Je préfère dire les choses car l'hypocrisie n'amène que le mensonge et le mensonge ne permet pas l'avenir.
Je n'ai qu'une seule parole et j'irai jusqu'au bout. Je vais m'en expliquer. A partir de ce moment là, on a commencé à discuter avec STX. C'est une grande entreprise qui a en portefeuille beaucoup de bateaux à construire, qui peut nous apporter beaucoup mais, naturellement, j'ai dit à STX nous, les Chantiers de l'Atlantique, on y tient. Pourquoi, on y tient ? Parce qu'il a fallu des décennies pour créer cette mémoire industrielle, ce savoir-faire industriel - ce que les Anglais appellent le « good will »-, et en quelques mois, on peut tout mettre par terre. Ce qu'il a fallu des années à apprendre, il faut quelques mois pour tout mettre par terre. Et quand les plus anciens partent, ils ne peuvent plus transmettre aux plus jeunes, il n'y a plus rien.

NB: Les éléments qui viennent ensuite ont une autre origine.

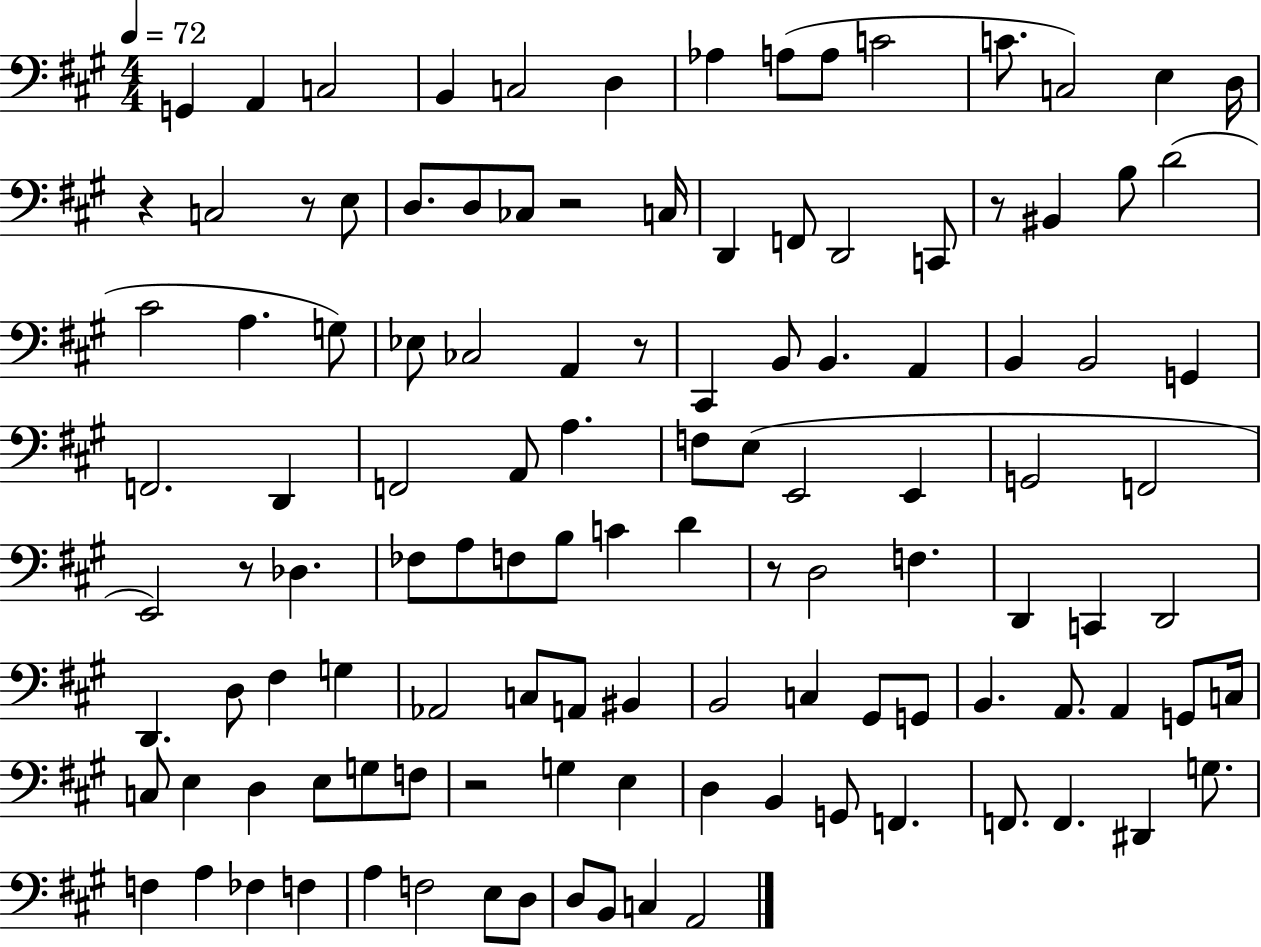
X:1
T:Untitled
M:4/4
L:1/4
K:A
G,, A,, C,2 B,, C,2 D, _A, A,/2 A,/2 C2 C/2 C,2 E, D,/4 z C,2 z/2 E,/2 D,/2 D,/2 _C,/2 z2 C,/4 D,, F,,/2 D,,2 C,,/2 z/2 ^B,, B,/2 D2 ^C2 A, G,/2 _E,/2 _C,2 A,, z/2 ^C,, B,,/2 B,, A,, B,, B,,2 G,, F,,2 D,, F,,2 A,,/2 A, F,/2 E,/2 E,,2 E,, G,,2 F,,2 E,,2 z/2 _D, _F,/2 A,/2 F,/2 B,/2 C D z/2 D,2 F, D,, C,, D,,2 D,, D,/2 ^F, G, _A,,2 C,/2 A,,/2 ^B,, B,,2 C, ^G,,/2 G,,/2 B,, A,,/2 A,, G,,/2 C,/4 C,/2 E, D, E,/2 G,/2 F,/2 z2 G, E, D, B,, G,,/2 F,, F,,/2 F,, ^D,, G,/2 F, A, _F, F, A, F,2 E,/2 D,/2 D,/2 B,,/2 C, A,,2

Je ne laisserai pas tomber les Chantiers de l'Atlantique. Je n'ai jamais voulu que l'on les laisse tomber. Ce n'est pas aujourd'hui que cela commencera. J'ai donc dit à STX : on va vous prouver que l'on y tient. Comment prouver ? Bien sûr, il y a la signature des accords. Ah, les accords ! Chacun ici peut dire : ah, oui, c'est un papier ! Non. Il y a mieux. Si on y croit, on investit. C'est dans ces conditions que j'ai dit au gouvernement : il faut investir, on va prendre une partie du capital pour être actionnaire. Quel est le meilleur témoignage de ma confiance dans l'avenir des Chantiers, de la pérennité de la construction de navires de haut de gamme, de haute technologie aux Chantiers de Saint-Nazaire, que de prendre une partie du capital ? Comme je l'avais fait d'ailleurs pour Alstom, cela ne lui a pas si mal réussi.
Ce sont les conditions dans lesquelles nous avons signé un accord avec M. Kang pour prendre 9% du capital, plus un droit de préemption sur les 25% que possèdent encore Altsom. Si Alstom devait partir à horizon, je crois, 2010, c'est l'Etat français qui aura racheté 34%, parce que nous voulons être associés à toutes les décisions stratégiques, parce que nous pensons qu'ici, on peut fabriquer les bateaux les plus performants du monde, être compétitifs, et parce que nous voulons garder à Saint-Nazaire et en France ce savoir-faire. Donc, nous allons devenir les associés de STX. Nous allons rentrer au Conseil d'administration et nous allons nous engager pour que les Chantiers vivent.
Vous pouvez me dire : vous avez signé au mois de juin l'accord et ce n'est pas réalisé. C'est vrai, je viens d'en parler avec M. KANG parce qu'entre temps la société STX est passée de 40% de la propriété d'Aker, à 92%. Il fallait qu'ils réussissent leur OPA avant de mettre en oeuvre l'opération.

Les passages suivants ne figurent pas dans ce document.